A dispute between Bnei Brak's municipality and the operators of the city's geniza collection network has pushed one of the most sacred services in the haredi capital to the brink of a full shutdown, with warning notices appearing on geniza stations across the city this week alerting residents that pickup of bags containing worn-out holy texts will be suspended entirely.
The geniza system, which collects deteriorating seforim, siddurim, and other sacred writings for proper burial in accordance with halacha, is a cornerstone of religious life in Bnei Brak. The prospect of overflowing geniza stations and sacred texts accumulating in the street has alarmed community members and religious leaders alike.
The crisis stems from a bureaucratic standoff over parking fines. For years, city inspectors issued traffic tickets to geniza collection trucks for blocking lanes while loading the heavy bags from collection points around the city. The operators would routinely appeal to the mayor's office, where the fines were quietly cancelled in recognition of the service's religious and communal importance. That informal arrangement appears to have quietly collapsed.
According to sources familiar with the dispute, the municipality has recently reversed course entirely, refusing to cancel outstanding fines and demanding payment of the full accumulated backlog. Worse, city officials have now initiated active seizure proceedings against the operating organization. In response, the geniza operators announced a complete work stoppage. "Let the municipality deal with mountains of geniza in the streets," one operator was quoted as saying, framing the strike as a way to force the city's hand.

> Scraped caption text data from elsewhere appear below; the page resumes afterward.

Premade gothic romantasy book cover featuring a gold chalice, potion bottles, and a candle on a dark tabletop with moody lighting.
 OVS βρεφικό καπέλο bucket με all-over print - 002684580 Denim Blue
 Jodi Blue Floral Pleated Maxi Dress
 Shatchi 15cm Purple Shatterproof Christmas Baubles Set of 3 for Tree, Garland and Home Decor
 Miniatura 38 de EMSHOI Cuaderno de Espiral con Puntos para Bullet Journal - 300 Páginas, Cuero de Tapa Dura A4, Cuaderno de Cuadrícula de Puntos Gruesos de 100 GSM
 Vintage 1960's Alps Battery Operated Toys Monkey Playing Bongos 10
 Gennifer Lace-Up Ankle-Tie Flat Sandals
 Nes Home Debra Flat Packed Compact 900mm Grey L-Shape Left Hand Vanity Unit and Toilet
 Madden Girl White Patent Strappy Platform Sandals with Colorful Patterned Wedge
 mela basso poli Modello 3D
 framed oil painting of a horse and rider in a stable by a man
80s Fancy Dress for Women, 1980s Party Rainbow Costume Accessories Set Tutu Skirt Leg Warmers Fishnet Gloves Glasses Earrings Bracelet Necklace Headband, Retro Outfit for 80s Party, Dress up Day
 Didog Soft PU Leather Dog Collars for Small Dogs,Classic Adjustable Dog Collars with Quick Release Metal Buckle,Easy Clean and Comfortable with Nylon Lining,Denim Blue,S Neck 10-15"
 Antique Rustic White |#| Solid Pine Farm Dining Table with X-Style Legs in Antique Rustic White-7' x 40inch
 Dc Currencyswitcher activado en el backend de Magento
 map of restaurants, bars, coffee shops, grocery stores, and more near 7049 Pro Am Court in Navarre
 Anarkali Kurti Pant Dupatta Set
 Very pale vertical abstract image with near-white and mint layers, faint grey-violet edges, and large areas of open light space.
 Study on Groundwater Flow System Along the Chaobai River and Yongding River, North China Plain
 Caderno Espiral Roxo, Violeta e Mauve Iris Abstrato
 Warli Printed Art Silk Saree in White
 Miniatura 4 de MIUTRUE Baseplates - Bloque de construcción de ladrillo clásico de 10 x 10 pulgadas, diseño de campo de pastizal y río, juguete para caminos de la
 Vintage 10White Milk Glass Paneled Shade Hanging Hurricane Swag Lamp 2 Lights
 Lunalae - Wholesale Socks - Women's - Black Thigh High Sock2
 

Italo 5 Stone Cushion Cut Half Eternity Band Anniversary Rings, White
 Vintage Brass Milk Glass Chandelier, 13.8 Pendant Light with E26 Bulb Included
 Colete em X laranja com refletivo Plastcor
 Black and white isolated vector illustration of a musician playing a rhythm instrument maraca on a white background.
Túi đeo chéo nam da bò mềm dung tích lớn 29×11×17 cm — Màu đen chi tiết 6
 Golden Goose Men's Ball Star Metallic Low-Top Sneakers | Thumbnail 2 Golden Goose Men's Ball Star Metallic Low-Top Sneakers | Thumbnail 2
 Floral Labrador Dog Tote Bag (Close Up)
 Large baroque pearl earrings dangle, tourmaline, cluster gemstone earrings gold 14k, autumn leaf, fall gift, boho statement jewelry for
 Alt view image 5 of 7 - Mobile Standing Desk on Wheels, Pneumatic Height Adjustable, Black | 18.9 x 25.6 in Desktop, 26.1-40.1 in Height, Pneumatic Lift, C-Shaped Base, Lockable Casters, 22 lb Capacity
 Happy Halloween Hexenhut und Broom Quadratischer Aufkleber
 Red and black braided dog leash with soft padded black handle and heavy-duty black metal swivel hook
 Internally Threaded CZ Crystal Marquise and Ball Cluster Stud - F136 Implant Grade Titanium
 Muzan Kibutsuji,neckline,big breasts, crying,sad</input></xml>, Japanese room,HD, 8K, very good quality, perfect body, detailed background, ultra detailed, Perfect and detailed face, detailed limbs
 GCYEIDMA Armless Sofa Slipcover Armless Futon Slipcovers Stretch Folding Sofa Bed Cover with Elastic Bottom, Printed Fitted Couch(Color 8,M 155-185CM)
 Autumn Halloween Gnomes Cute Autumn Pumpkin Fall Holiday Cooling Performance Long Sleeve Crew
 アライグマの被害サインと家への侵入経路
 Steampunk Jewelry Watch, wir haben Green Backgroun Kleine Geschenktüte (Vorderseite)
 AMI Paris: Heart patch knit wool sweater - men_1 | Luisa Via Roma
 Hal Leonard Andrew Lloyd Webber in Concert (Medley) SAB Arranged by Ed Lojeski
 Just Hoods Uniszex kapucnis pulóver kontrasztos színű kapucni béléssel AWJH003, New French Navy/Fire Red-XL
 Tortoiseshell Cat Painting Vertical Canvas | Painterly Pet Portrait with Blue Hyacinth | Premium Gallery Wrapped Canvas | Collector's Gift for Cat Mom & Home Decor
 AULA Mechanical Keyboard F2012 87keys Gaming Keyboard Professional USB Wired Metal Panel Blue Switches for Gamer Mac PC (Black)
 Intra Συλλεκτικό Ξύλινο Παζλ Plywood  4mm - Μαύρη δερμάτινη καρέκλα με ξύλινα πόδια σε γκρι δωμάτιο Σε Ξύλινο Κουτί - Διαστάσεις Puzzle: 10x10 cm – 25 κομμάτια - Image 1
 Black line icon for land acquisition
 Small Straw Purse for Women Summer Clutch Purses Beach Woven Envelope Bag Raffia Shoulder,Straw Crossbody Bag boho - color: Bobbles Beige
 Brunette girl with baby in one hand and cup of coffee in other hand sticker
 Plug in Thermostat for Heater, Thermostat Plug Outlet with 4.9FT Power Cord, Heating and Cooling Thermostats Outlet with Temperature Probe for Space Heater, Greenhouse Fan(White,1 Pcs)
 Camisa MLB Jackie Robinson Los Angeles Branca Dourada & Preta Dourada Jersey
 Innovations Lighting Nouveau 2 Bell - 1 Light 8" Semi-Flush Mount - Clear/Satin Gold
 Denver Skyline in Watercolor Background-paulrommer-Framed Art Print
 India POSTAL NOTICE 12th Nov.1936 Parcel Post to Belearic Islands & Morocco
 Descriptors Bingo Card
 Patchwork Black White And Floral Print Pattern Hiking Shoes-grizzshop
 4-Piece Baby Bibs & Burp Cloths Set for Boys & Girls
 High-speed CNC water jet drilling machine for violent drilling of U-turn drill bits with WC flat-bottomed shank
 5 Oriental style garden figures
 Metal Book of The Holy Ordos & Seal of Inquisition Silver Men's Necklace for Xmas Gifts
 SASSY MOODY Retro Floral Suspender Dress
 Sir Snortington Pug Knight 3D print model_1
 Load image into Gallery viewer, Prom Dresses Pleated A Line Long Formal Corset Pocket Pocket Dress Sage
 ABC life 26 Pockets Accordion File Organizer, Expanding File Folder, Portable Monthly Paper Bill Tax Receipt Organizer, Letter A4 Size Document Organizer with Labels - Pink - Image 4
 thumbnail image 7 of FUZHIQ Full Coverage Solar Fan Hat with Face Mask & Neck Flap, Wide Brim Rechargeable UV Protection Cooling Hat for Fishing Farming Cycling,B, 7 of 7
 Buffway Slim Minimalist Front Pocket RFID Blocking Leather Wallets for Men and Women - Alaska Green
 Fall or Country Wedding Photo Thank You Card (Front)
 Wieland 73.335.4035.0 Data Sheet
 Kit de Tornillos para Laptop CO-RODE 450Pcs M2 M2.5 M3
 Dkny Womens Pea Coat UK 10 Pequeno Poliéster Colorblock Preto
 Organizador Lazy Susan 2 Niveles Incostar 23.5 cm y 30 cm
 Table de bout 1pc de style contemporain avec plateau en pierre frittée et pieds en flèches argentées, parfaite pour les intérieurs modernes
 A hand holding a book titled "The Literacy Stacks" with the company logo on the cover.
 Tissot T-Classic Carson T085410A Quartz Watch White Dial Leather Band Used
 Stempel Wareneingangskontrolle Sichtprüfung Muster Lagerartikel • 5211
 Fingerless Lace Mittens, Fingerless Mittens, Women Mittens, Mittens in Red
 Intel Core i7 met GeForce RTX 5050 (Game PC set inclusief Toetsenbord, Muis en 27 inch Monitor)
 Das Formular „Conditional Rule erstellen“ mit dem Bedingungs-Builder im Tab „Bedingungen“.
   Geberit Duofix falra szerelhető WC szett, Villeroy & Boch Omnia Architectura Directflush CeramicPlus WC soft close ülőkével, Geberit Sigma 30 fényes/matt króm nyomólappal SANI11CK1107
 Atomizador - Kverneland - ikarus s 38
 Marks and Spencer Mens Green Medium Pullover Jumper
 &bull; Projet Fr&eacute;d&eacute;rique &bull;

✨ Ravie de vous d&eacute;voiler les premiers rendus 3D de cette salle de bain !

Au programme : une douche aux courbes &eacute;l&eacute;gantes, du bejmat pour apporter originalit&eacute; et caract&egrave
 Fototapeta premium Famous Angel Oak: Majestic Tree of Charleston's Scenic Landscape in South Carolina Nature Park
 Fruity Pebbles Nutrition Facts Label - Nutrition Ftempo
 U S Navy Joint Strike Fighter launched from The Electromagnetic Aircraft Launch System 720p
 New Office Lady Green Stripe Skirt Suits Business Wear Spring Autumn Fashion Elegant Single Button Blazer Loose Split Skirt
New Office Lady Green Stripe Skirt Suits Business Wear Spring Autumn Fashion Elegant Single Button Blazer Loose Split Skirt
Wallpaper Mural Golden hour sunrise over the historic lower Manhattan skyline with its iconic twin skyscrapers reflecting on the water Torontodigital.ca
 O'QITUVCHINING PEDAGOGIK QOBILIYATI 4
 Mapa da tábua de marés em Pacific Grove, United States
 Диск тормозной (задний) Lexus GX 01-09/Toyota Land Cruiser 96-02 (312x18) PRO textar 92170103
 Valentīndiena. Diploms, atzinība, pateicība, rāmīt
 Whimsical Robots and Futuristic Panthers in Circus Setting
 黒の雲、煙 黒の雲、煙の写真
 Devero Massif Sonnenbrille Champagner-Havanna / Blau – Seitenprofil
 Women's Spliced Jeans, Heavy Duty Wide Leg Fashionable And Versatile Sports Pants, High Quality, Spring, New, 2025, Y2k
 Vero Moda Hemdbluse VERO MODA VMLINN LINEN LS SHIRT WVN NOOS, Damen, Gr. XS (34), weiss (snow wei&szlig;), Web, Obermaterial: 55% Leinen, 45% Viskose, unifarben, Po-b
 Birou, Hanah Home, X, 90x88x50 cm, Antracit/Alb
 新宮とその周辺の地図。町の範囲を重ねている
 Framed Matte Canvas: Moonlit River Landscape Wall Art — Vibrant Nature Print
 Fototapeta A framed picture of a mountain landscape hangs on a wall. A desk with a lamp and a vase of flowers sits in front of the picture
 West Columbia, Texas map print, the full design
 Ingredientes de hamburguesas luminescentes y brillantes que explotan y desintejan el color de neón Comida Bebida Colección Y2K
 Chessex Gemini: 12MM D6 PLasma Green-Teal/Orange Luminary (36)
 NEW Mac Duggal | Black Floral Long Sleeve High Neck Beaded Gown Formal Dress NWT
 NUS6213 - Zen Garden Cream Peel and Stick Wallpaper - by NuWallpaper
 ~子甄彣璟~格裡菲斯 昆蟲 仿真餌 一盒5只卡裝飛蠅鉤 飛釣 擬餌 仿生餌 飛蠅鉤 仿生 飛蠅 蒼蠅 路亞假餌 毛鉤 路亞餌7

If no resolution is reached within days, geniza stations across Bnei Brak risk overflowing, creating what one source described as both a sanitary and a spiritual crisis for residents.
The municipality's public response was terse. A spokesperson said the city is "looking into the matter." A city official went further, dismissing the operators' public notices as a pressure tactic: "The cost of printing colorful posters to try to intimidate people is apparently higher than the debt itself. It would be better to invest that energy, and far less money, in paying off a 500-shekel debt to city coffers and getting back to work for the public's benefit."
Both sides are expected to hold urgent talks in the coming days to prevent the situation from deteriorating further.